Hardware wise, D2X is quite nice, better than all creatives, except
the latest Creative HD series. Unfortunately, Asus drivers kinda suck
beyond measure, and forget about their laughable EAX support. You do
know that Asus claimed to have support for EAX5, and got their ass
sued because of that. Virtually all sorts of chips can do EAX1 and 2
because creative made those levels open source. EAX3 is supported
recently by very few manufacturers, and EAX4 and 5 is still exclusive
to them. For music and movies? Sure. For games, creatives (yes, even
audigy cards) blow everyone else out of the water.

Creative's windows drivers have a few issues, that can usually be
fixed through configs, or just using modded drivers, there are
currently two famous modders, one working for creative, the other not
but still allowed to mod. Linux is tricky, as none of the x-fi
features are available, but there are at least 2 drivers made for
linux that do work, through ALSA if I'm not mistaken.
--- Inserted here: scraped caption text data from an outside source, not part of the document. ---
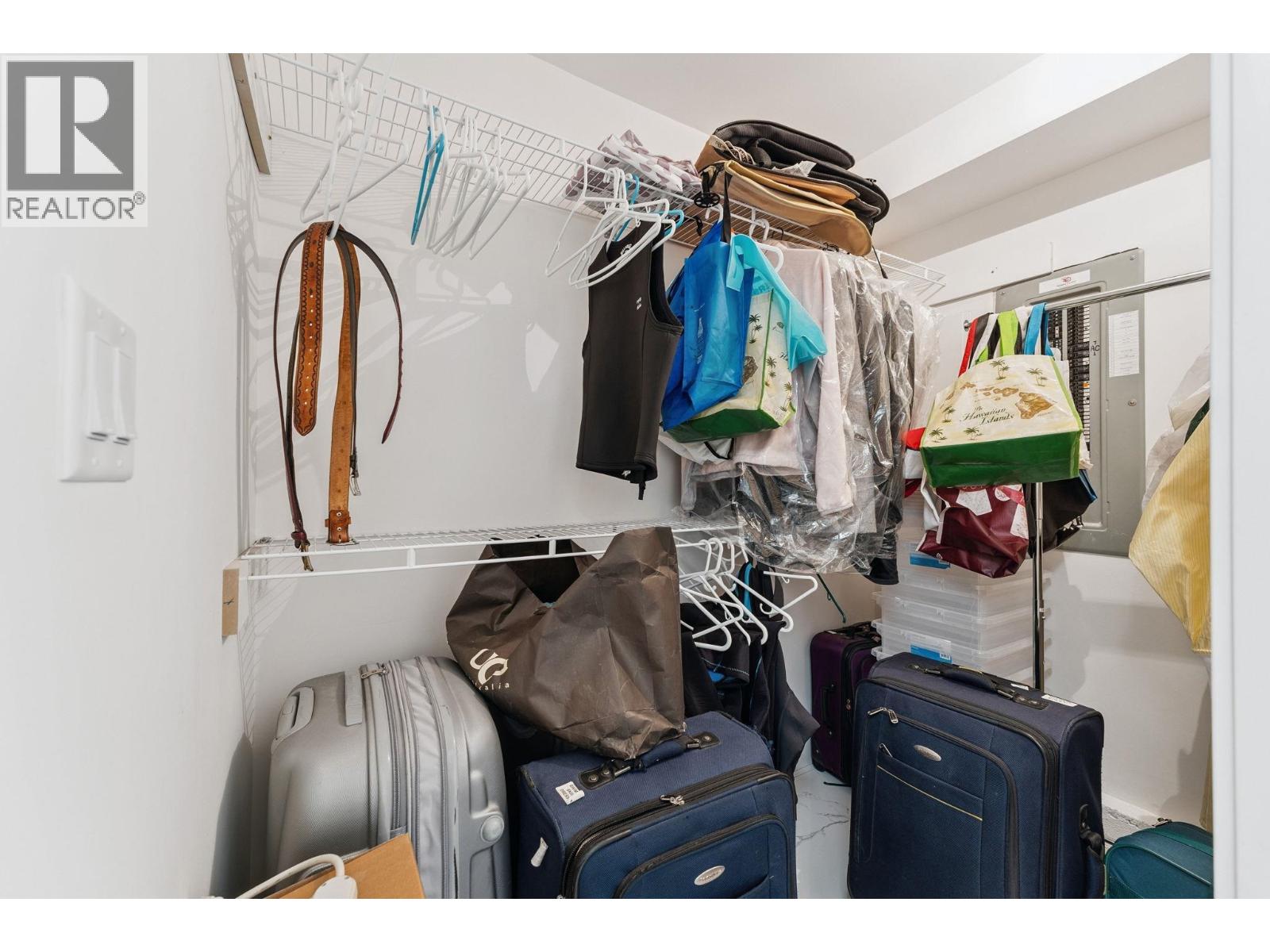 1725 Rosebery Avenue, West Vancouver, British Columbia  V7V 2Z5 - Photo 31 - R3079653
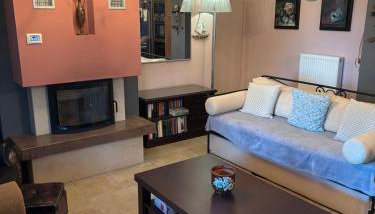 Galini Garden House - Foto 3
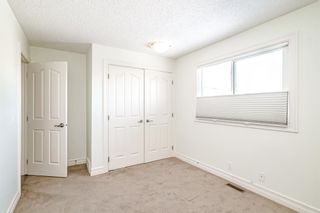 Photo 24: 1220 Berkley Drive NW in Calgary: Beddington Heights Detached for sale : MLS®# A2033634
I advised less expensive upgrades, if I was to advise something with
the price of a D2X, I'd go with at least something from Auzentech, and
from there forward there's the true audio gear, that kinda begin
costing quite more, and aren't made for gaming. And since Angelic's
computer with linux is a laptop, an internal soundcard is out of the
question.
But don't get me wrong Nin-lil-izi, I find the D2X a rather
interesting soundcard, but not for digital HD audio, gaming or audio
customization.

On 8 Jan, 02:04, Nin-lil-izi <[email protected]> wrote:
> I highly advise against putting Linux and X-Fi cards anywhere near
> each other.
> Creative Labs have proven over the years to be resistant to open
> source software and driver support for such. As a result the quality
> of said *nix drivers has been a cursory token gesture at best.
> It took 3 years after release to get even the current basic driver up
> to a point where it could be merged into the kernel. And before then
> making the card work at all required either many hours of compiling
> and kludging or an earlier bugy binary blob that required the use of a
> specific distro and kernel revision to function.
> Creative Labs windows drivers have never been terrific either. And
> worse the company has a policy of enforced obsolescence through
> strategic dropping of driver support. They have essentially been re-
> branding the same architecture as new products. Then dropping driver
> support for the old line, forcing upgrades for their last three
> product generations.
> If you need evidence of their poor business practices, then feel free
> to google away for complaints people have had.
>
> Myself, I use an Asus Xonar 
> D2X.http://uk.asus.com/product.aspx?P_ID=ZBWhAEnH6nDOB00E&content=overview
> It has superior audio quality over the X-Fi. Has always worked out of
> the box with Linux, using an open standards driver interface. I've not
> had a single issue with it after a couple of years of ownership.
> Usefully, is easily configurable between its various analogue (5.1,
> 7.1, 2.0, etc) and Digital coax /fibreoptic output modes with a single
> click from the Ubuntu indicator area GUI as well.